Awalnya bertujuan untuk mengatasi masalah kesetaraan dan ketidaksetaraan gender, termasuk bantuan darurat dan hibah untuk restoran-restoran yang mengalami kesulitan, misi ini telah berkembang hingga mencakup fokus pada keberlanjutan dan perubahan iklim, polusi, dan kesejahteraan pekerja.

“Saya melihatnya sebagai suksesi alami dari banyak bidang yang disentuh oleh industri restoran,” kata Lee. “Sambil bermitra dengan Chase Sapphire, kami dapat memanfaatkan pengalaman luar biasa SHIA sebagai pusat penelitian dan pengembangan, tanggung jawab sosial, dan kepemimpinan lingkungan dengan tiga tujuan inti: nol plastik sekali pakai, mengurangi ketergantungan pada bahan bakar fosil dengan nol gas, dan pengelolaan bahan bakar fosil yang efisien. pengurangan sampah”.

(Foto: SIA)

Dapur yang lebih ramah lingkungan

SHIA kontras dengan gagasan lain tentang restoran—gambaran sinematik dan romantis dari koki yang menyalakan api di bawah kompor. Usaha baru Lee adalah dapur profesional tanpa gas.

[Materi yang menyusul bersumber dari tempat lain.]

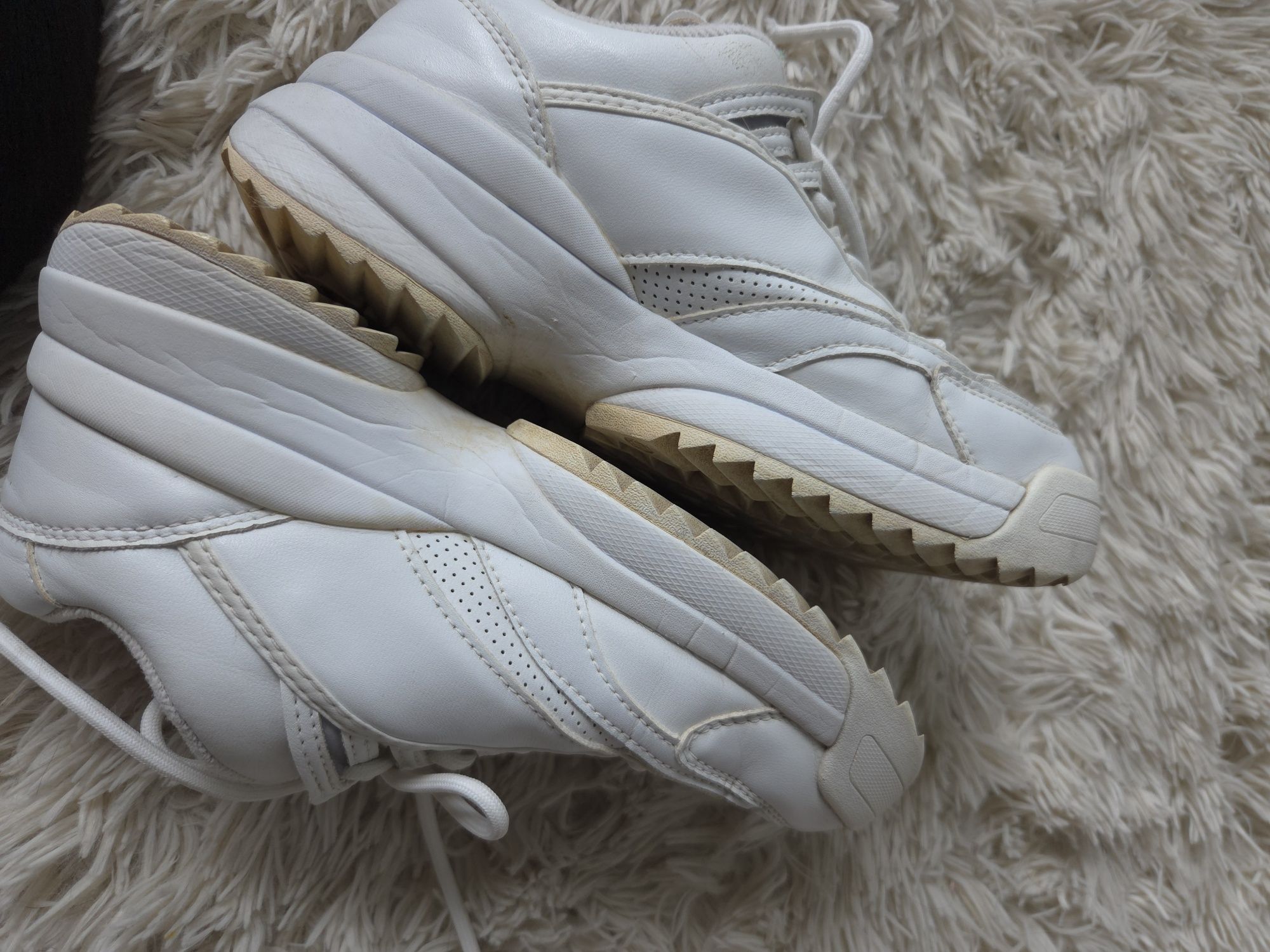FILA buty damskie sportowe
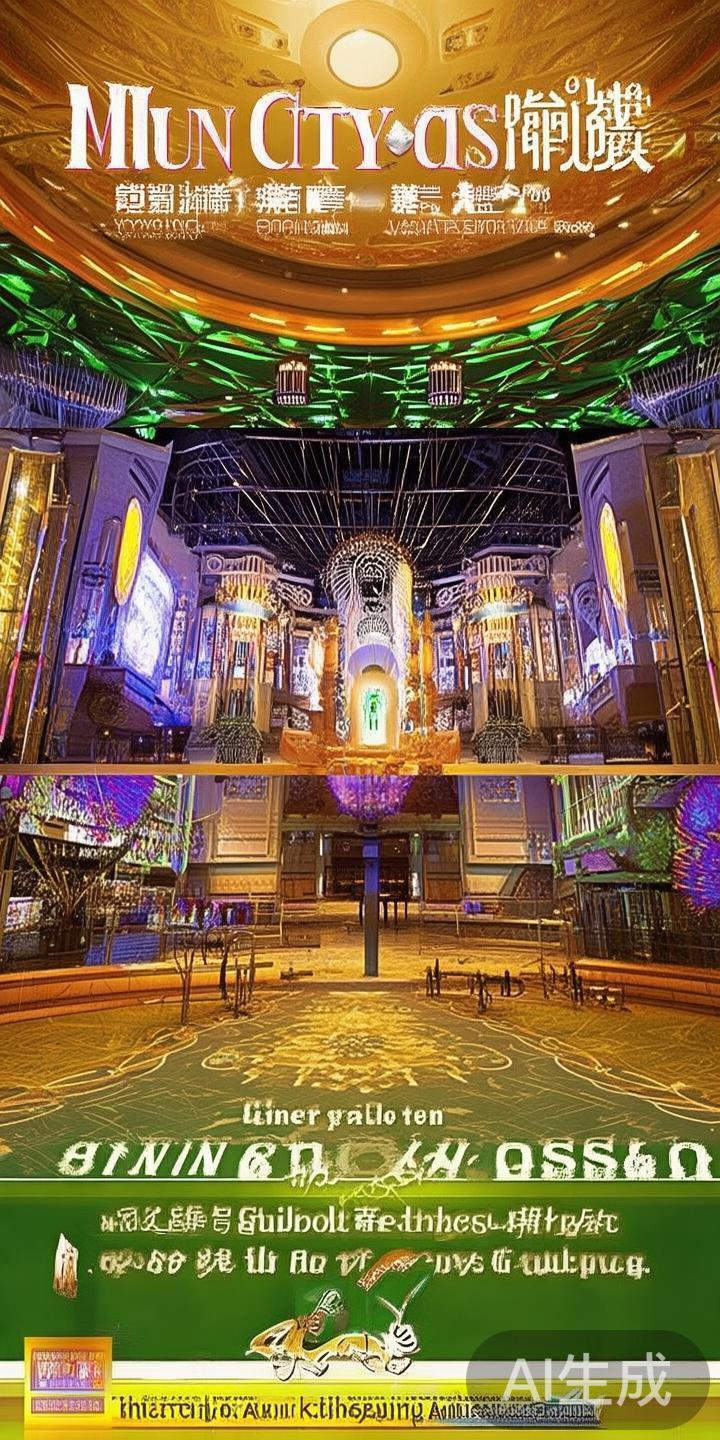 在全球闻名的博彩旅游胜地中，澳门凭借其丰富的娱乐资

“Pertama, kami ingin beralih dari gas ke energi bersih,” kata Lee. “Dan dapur listrik kita lebih dingin dibandingkan dapur berbahan bakar gas, sehingga menghasilkan kesejahteraan dan kesehatan yang lebih baik saat memasak.”

Sebagai bagian dari penelitiannya, SHIA mendokumentasikan penerapan peralatan listrik, termasuk biaya konstruksi, pemeliharaan, dan adaptasi teknik kuliner yang diperlukan untuk beralih dari gas.

“Kita harus mengatasi banyak kesalahpahaman,” katanya. Pertanyaan yang sering muncul adalah apakah mungkin untuk memanggang di atas kompor eklektik, proses pencoklatan yang biasanya dilakukan di atas api terbuka dengan api besar. Jawabannya adalah ya. “Kita perlu membuktikan bahwa kita bisa menghasilkan menu yang indah dan lezat tanpa bensin dan menciptakan mitologi baru tentang citra koki tanpa menjilat api dan asap.”

(Foto: SIA)

Menu jenis baru

Selain memutar menu pencicipan tujuh hidangan yang mengekspresikan pertanian lokal dan bahan-bahan tradisional Hansik dari Semenanjung Korea (warisan kuliner Lee), koki dan staf penelitinya juga memberikan laporan sumber terbuka berdasarkan temuan mereka, termasuk rencana penghapusan banyak plastik sekali pakai.

“Kami mengidentifikasi sekitar 30 titik plastik mulai dari botol pemeras dan talenan hingga spidol Sharpie yang ada di mana-mana yang ada di setiap dapur restoran dan memilih alternatif bebas plastik, melacak penggunaan, perbedaan biaya, serta pro dan kontra dari masing-masing titik tersebut.”, kata Lee.

Diterbitkan melalui mitra penelitian eksklusif mereka, Open Table, platform pemesanan dan manajemen pemesanan online, materi terautentikasi gratis ini memungkinkan restoran mana pun mengakses strategi dan wawasan keberlanjutan SHIA, informasi penting pada saat industri sedang menghadapi tantangan dan perubahan yang kompleks.

Lee juga ingin mengetahui cara mengukur konsumsi daya dalam menu. “Kita bisa menghitung jumlah kalori untuk item menu. Tapi bisakah kita memasukkan nomor energi ke dalam menu? Misalnya, menu pencicipan tujuh hidangan musim dingin kami mengonsumsi (sejumlah) kilowatt per orang,” katanya. “Sebagai dapur yang berbasis riset, ketika kita bisa mengukurnya, kita bisa mengukurnya. Dan begitu kita mengukurnya, kita bisa menentukan cara membuat menu yang sama sekaligus mengurangi konsumsi energi. Itu akan sangat besar.”